# West Mids Hilly House Meet, April 6th



## thebluemax (Oct 11, 2012)

penciled in meeting for the above venue and date in april,

I will PM all who attended the last meeting in January and the rest who have shown an interest since..

any thoughts please let me know...

Allen


----------



## Duggy (May 17, 2005)

That date is ideal for me Allen, hope its ok for the rest... 

It's a busy month, remapped the week after, then the rolling road day on the 26th 

John


----------



## AudiCoedDuon (Jun 2, 2011)

Duggy said:


> That date is ideal for me Allen, hope its ok for the rest...
> 
> It's a busy month, remapped the week after, then the rolling road day on the 26th
> 
> John


Also OK for me Allen  And like Duggy, it's going to be a busy month for me. Just hoping the weather is going to be dry so that I don't have to spend the weeks in between washing the TT!

Viv.


----------



## TT4PJ (May 5, 2004)

Hiya,
As the toy will be on the road by then I can leave the friggin van at home pop along in a TT


----------



## snap (Feb 26, 2014)

If ive found a car by then ill come lol
Looking for a sub £5k softtop


----------



## spike (Dec 26, 2013)

What would format of meet be?


----------



## bboy80 (Jul 29, 2013)

Yup ill pop along if im still in ross..


----------



## AudiCoedDuon (Jun 2, 2011)

bboy80 said:


> Yup ill pop along if im still in ross..


If you are still in Ross on the day, then we could travel up in convoy.


----------



## thebluemax (Oct 11, 2012)

TT4PJ said:


> Hiya,
> As the toy will be on the road by then I can leave the friggin van at home pop along in a TT


cheers phil
that would be great to see you again and the toy....


----------



## thebluemax (Oct 11, 2012)

spike said:


> What would format of meet be?


hi spike

what do you meen by format ? you simply turn up and have a drink and chat about your car or the weather or anything really, great for getting tips off more experienced guys/gals about mods or just cleaning materials....anything, just have fun. thats what I do.


----------



## spike (Dec 26, 2013)

thebluemax said:


> spike said:
> 
> 
> > What would format of meet be?
> ...


ok, some meets include meals, drives, so just wondered.


----------



## thebluemax (Oct 11, 2012)

spike said:


> thebluemax said:
> 
> 
> > spike said:
> ...


oh I see mate, just an informal get together this time of year.


----------



## bboy80 (Jul 29, 2013)

Well looks like im definitely still staying in ross.
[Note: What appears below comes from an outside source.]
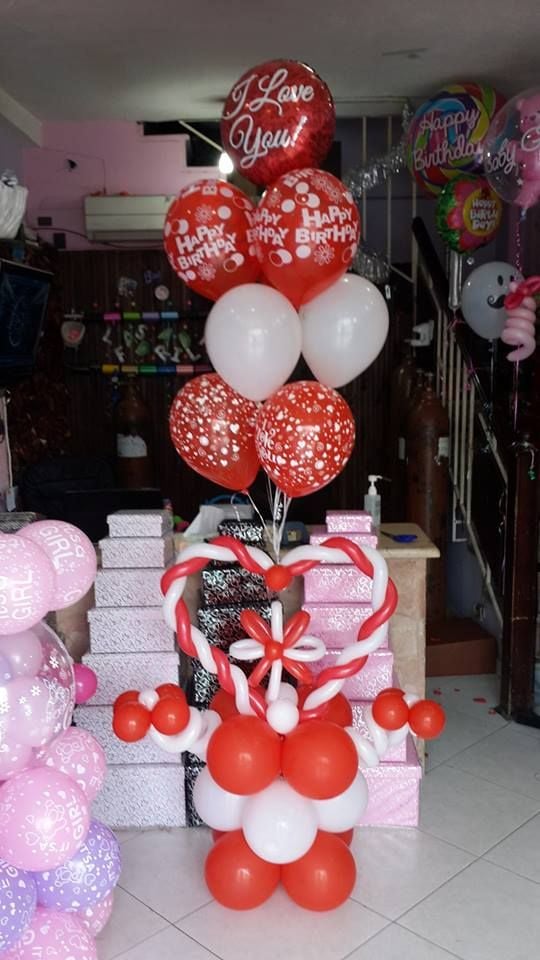 Birthday Balloons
So I should be good for the 6th..

I'll need a reminder though. My memory is extremely bad ha.


----------



## Duggy (May 17, 2005)

bboy80 said:


> Well looks like im definitely still staying in ross. So I should be good for the 6th..
> 
> I'll need a reminder though. My memory is extremely bad ha.


I'll remind you on fb mate :wink:

John


----------



## thebluemax (Oct 11, 2012)

will PM all on my list about the 6th april tonight/tuesday to see who can make it..


----------



## bboy80 (Jul 29, 2013)

Duggy said:


> bboy80 said:
> 
> 
> > Well looks like im definitely still staying in ross. So I should be good for the 6th..
> ...


Cheers John lol.


----------



## thebluemax (Oct 11, 2012)

okay all you TT lovers, I'v PM'd 28 interested parties for interest in coming to the next west mids TT meet at the "Hilly House"
Himley road, Dudley. DY1 2QH.
nice big car park and good beer etc. will list all those who confirm that they are coming as I find out.

Allen


----------



## MrBigTurner (Oct 2, 2013)

Thanks for the email Allen, I'll be there.

Finally show my face!

Harry

Harry


----------



## Duggy (May 17, 2005)

Hi Allen,

Replied to pm, I'll be there keeping the Mk1 numbers up 

John


----------



## rst (Oct 9, 2013)

I'll be coming, first TT meet for me  I'll get some good pics on my camera


----------



## rst (Oct 9, 2013)

Just my luck...
GTI springfest is on that Sunday  I'm going there in the golf


----------



## eastwood1875 (Jun 21, 2013)

Cheers Allen 

Look forward to seeing you and the guys then 

Daz


----------



## thebluemax (Oct 11, 2012)

so far then...but early days. 

confirmed:
Duggy
MrBigTurner
AudiCoedDuon
Jenny H
Eastwood1875
Thebluemax
gazbrad
Pow3r_L3ss
Forest


----------



## steve99w (Feb 28, 2014)

thebluemax said:


> will PM all on my list about the 6th april tonight/tuesday to see who can make it..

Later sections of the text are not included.